**About this exercise:** A stretch of the entries below is to be set down exactly, running from the line with "433 Ahnaip St" through the line with "Homemade Olive Oil Mayonnaise Recipe (Paleo)", both included, and no other line.

*** Opening of Stored data ***

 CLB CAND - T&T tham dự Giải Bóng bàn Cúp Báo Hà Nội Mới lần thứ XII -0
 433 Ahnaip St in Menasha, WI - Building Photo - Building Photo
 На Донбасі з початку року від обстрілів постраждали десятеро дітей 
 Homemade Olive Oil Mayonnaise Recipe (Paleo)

*** Close of Stored data ***
*** Opening of Stored data ***

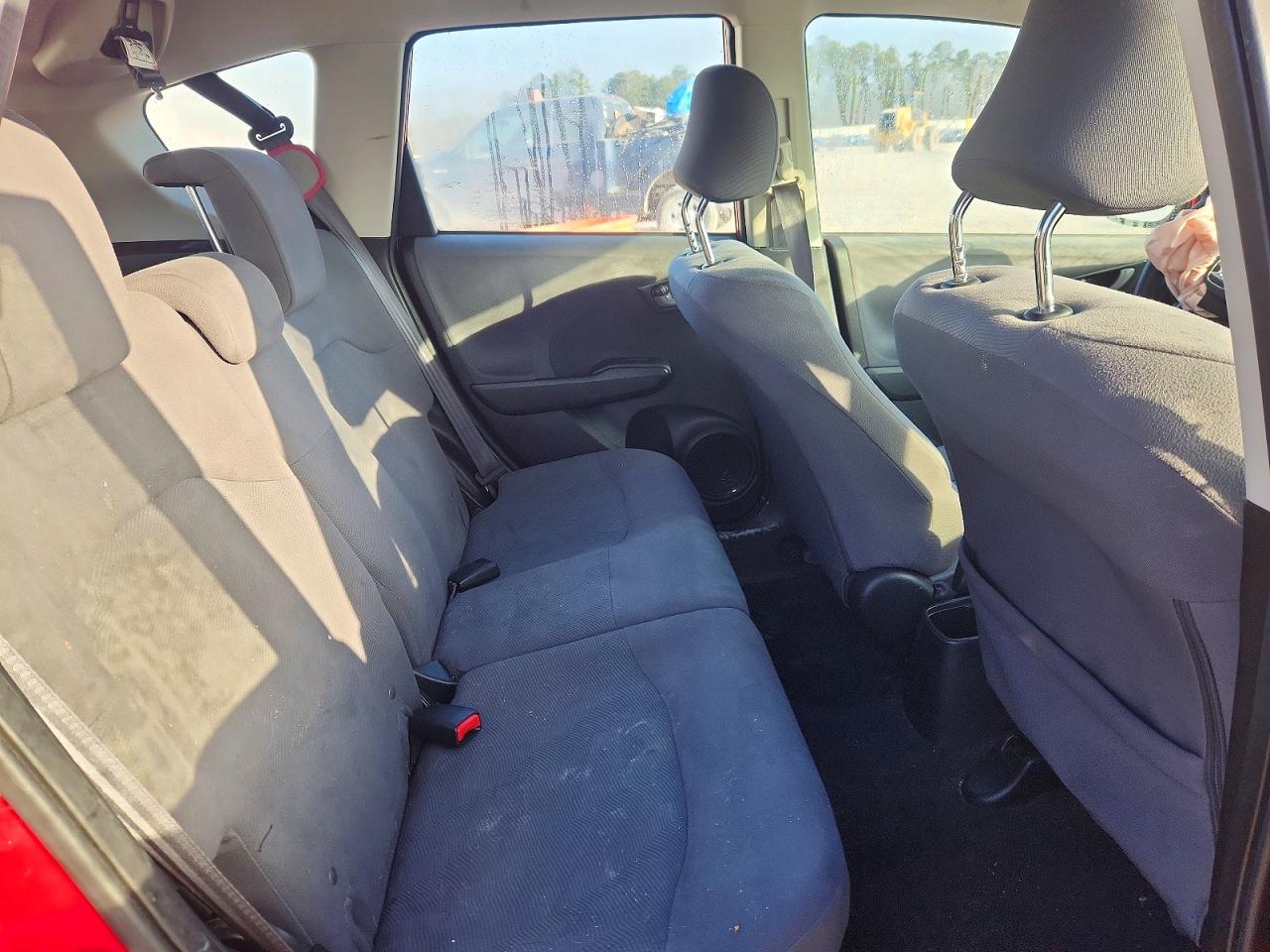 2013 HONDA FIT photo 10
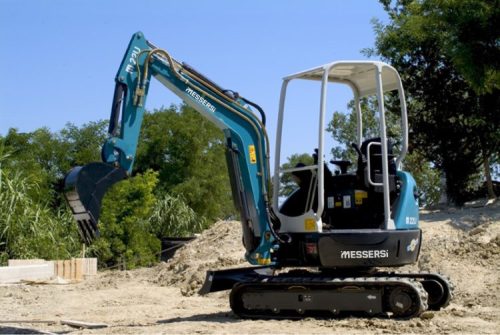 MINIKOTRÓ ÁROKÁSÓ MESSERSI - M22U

*** Close of Stored data ***

**Output for this exercise:**
 433 Ahnaip St in Menasha, WI - Building Photo - Building Photo
 На Донбасі з початку року від обстрілів постраждали десятеро дітей 
 Homemade Olive Oil Mayonnaise Recipe (Paleo)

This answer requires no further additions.